Ces comportements « peccamineux », comme certains économistes les qualifient, relèvent du concept d’addiction entendue comme un comportement qui peut avoir pour fonction de procurer un plaisir immédiat et qui se caractérise par l’échec répété de son contrôle et sa persistance malgré des conséquences négatives significatives. La question qui nous intéresse est de savoir comment lutter contre ces addictions. A la suite de Becker et Murphy (1), les économistes ont développé le concept d’addiction rationnelle qui s’appuie sur deux hypothèses : la forte préférence pour le présent et la complémentarité adjacente. La première hypothèse est assez évidente ; elle correspond au besoin de gratification immédiate. La seconde l’est moins ; elle repose sur l’idée que la jouissance attendue d’un bien dépend de la consommation passée de ce bien. Cette démarche aboutit à montrer que l’addiction est parfaitement rationnelle et que la seule manière de la combattre est de recourir à un sevrage brutal (cold turkey) dont on connaît les limites. 
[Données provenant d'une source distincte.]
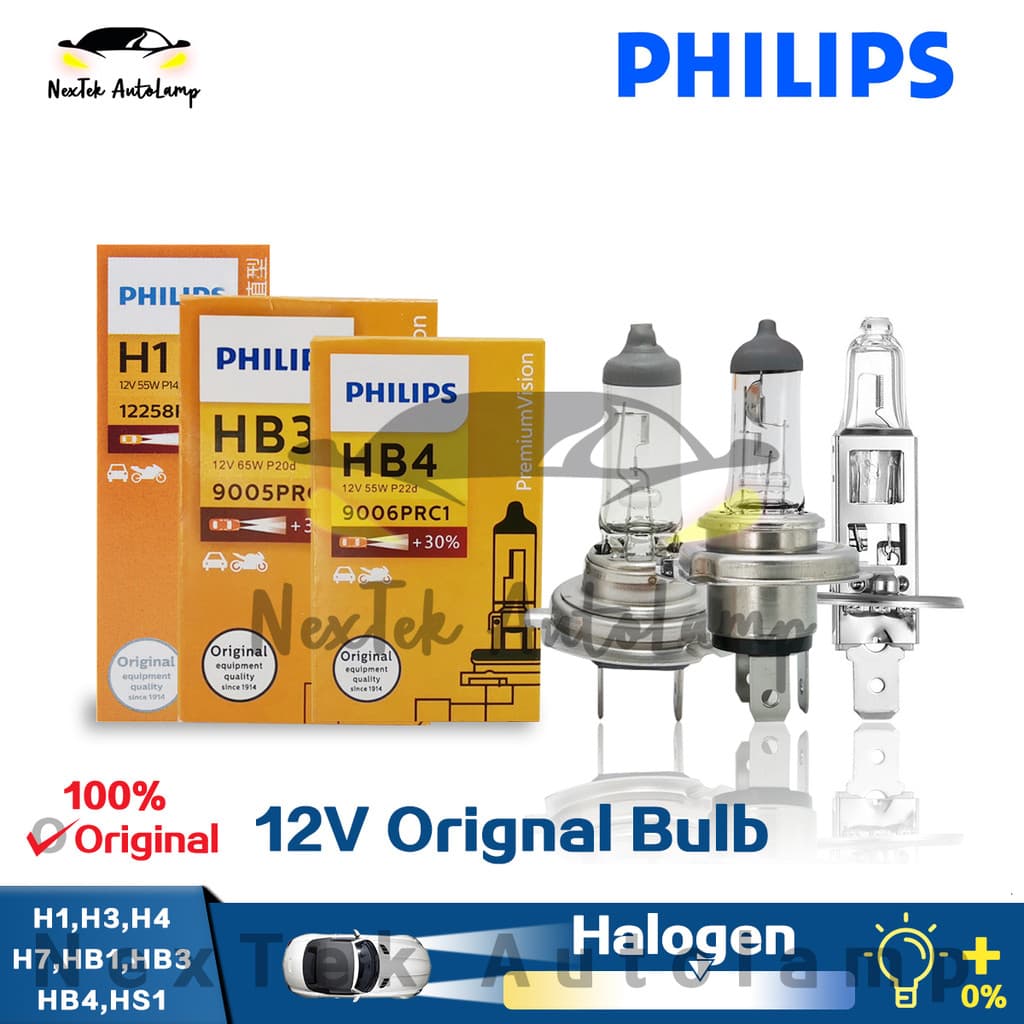 Philips Vision H1 H3 H4 H7 HB1 HB3 HB4 HS1 12V 3200K +30% Car Standard Halogen Headlamp High Low Beam Lamp (1 lâmpada)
L’échec des politiques proposées par les économistes, taxation, information et prohibition, ne surprend pas les psychologues pour qui ce genre de consommation ou de comportement ne peut être abordé que par une approche personnalisée ciblant les motivations de chacun. La méthode qui paraît la plus appropriée relève de la psychologie comportementale cognitive et repose sur le concept d'intention d’exécution, qui a été introduit en 1999 par Peter Gollwitzer (2). Cette démarche implique un effort d'anticipation et de planification des comportements futurs (p. ex. manger du beurre allégé) destinés à promouvoir l’atteinte d’un but donné (p. ex. se mettre à un régime d’alimentation sain), en décidant à l'avance des conditions et des clés de déclenchement du comportement. Cette technique de maîtrise comportementale au service d’un but donné peut impliquer le découpage d'un objectif difficile à atteindre en plusieurs sous-objectifs comportementaux plus faciles à réaliser (acheter du beurre allégé, ne pas mettre trop de beurre sur son pain, etc.). Cette approche qui semblerait assez efficace réclame un encadrement lourd en personnel. 

 

Le point de vue des psychologues et les politiques qu’ils préconisent sont beaucoup plus nuancés que ceux des économistes mais ils sont aussi beaucoup plus coûteux. Il est difficilement soutenable financièrement d’adopter une politique de prévention qui soit à ce point individualisée. Il faudrait quasiment un psychologue (ou un coach) derrière chaque personne concernée par ces comportements peccamineux. Comment sortir de cette impasse, de ce choix entre des politiques globales aux limites avérées et des traitements individualisés mais financièrement couteux, demeure une question ouverte.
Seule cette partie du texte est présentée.